Wherever a picture appears, skip it and retype the rest of the data exactly.

=== Records supplied ===

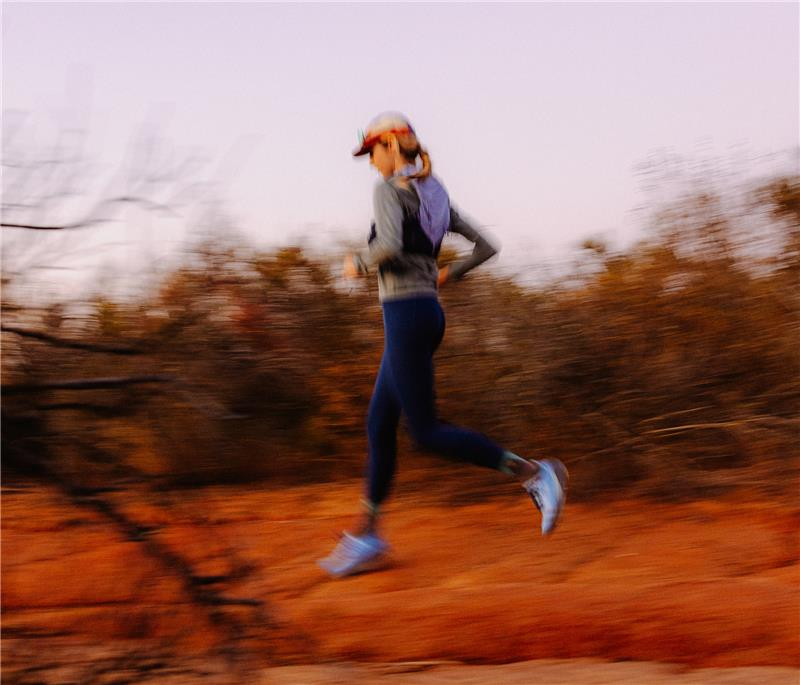 Power Your Activities with GURU Zero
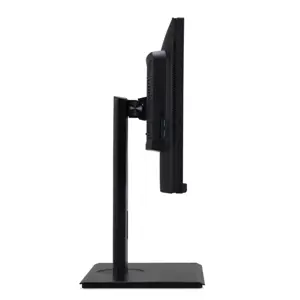 acer-b278kbemiqprcuzx-computer-monitor-686-cm-27-3840-x-2160-10130-wlononwcrprdb.webp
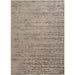 Surya - Handmade Rug - Graphite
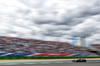 GP STATI UNITI, Lewis Hamilton (GBR) Mercedes AMG F1 W15.

18.10.2024. Formula 1 World Championship, Rd 19, United States Grand Prix, Austin, Texas, USA, Sprint Qualifiche Day

 - www.xpbimages.com, EMail: requests@xpbimages.com © Copyright: Rew / XPB Images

===

Final answer
 Power Your Activities with GURU Zero
 acer-b278kbemiqprcuzx-computer-monitor-686-cm-27-3840-x-2160-10130-wlononwcrprdb.webp
 Surya - Handmade Rug - Graphite
 GP STATI UNITI, Lewis Hamilton (GBR) Mercedes AMG F1 W15.

18.10.2024. Formula 1 World Championship, Rd 19, United States Grand Prix, Austin, Texas, USA, Sprint Qualifiche Day

 - www.xpbimages.com, EMail: requests@xpbimages.com © Copyright: Rew / XPB Images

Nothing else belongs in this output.